Japan ratified the Convention of 15 November 1965 on the Service Abroad of Judicial and Extrajudicial Documents in Civil or Commercial Matters, also called the Hague Service Convention, on May 28, 1970. The Convention’s provisions entered into force in Japan the following July 27.
US attorneys seeking service in Japan would be wise to familiarize themselves with the mandatory character of the Convention as set forth in Volkswagenwerk A.G. v. Schlunk, 486 U.S. 694 (1988).
Canadian attorneys should consult provincial precedent — Canadian courts take a more nuanced view of the Convention, but effectively reach the same conclusion: its limitations must be observed. Regardless of forum court requirements, the service rules of the receiving country must be observed, or enforcement of a judgment may become impossible.

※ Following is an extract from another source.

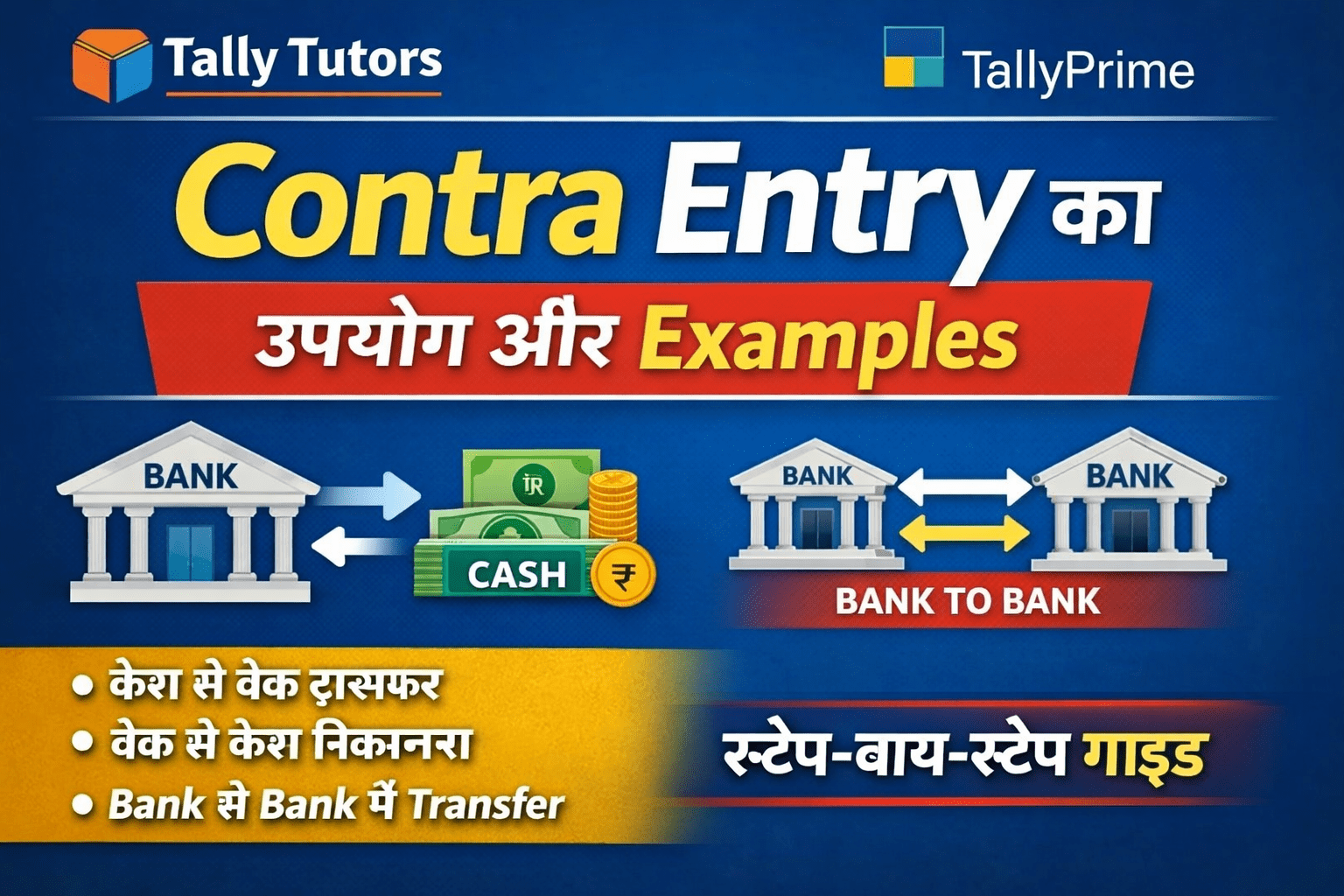 TallyPrime में Contra Entry क्या है? – उपयोग, नियम और Practical Examples (Hindi Guide)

The Japanese Central Authority is reliable, methodical and thorough, usually processing requests for service within approximately 60 days of receipt (since the Fukushima disaster, though, this timeframe has lengthened a bit). Certificates of Service are returned via diplomatic pouch, so although service may be effected within roughly 8-10 weeks, proof of service is usually delayed by another 8-10 weeks.
The Japanese authority is so thorough and methodical that, where served documents indicate summons expiration dates or imminent hearing dates, requests will be rejected as not respectful of a recipient’s rights. Of course, timetables must allow a defendant/respondent to answer in a timely manner, so if the Central Authority doubts that service can be effected quickly, the request will be returned.

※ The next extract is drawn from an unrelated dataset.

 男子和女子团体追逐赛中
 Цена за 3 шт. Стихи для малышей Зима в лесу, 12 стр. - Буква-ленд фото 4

Optimally, a summons will neither expire nor be accompanied by a court-imposed timetable; our staff attorneys can provide guidance on drafting compliant documents.
Japan requires a full translation into Japanese of all documents served pursuant to the Hague Service Convention — regardless of whether the recipient speaks English.
In all cases, documents must reasonably be understood by the defendant in order to fulfill US Due Process requirements. In particular, for documents served upon a recipient who speaks neither English nor Japanese, translation into a third language may even be necessary. US practitioners should explore this issue with our legal staff.
The nationwide Central Authority for Japan is:
Ministry of Foreign Affairs
2-2-1 Kasumigaseki Chiyoda-ku
Upon joining the treaty, Japan declared that it does not object to direct service by postal channel, but, caveats to its declaration make the true status of the law rather ambiguous. The declaration does not indicate that such method would always be viewed as valid service, so difficulties may arise if a judgment needs to be enforced in Japan.
In all cases, service via the postal channel should include a signed receipt mechanism (required under Fed. R. Civ. P. 4).
Regardless, LLS strongly recommends against mail service in all but the rarest cases. Mail service under the Hague Service Convention is fraught with problems — even when the destination state has not objected to such service. American jurisdictions are split regarding propriety of mail service under the Convention.
Articles 10(b) and 10(c):
Japan objects to direct service by judicial officials and “interested persons” under the Convention.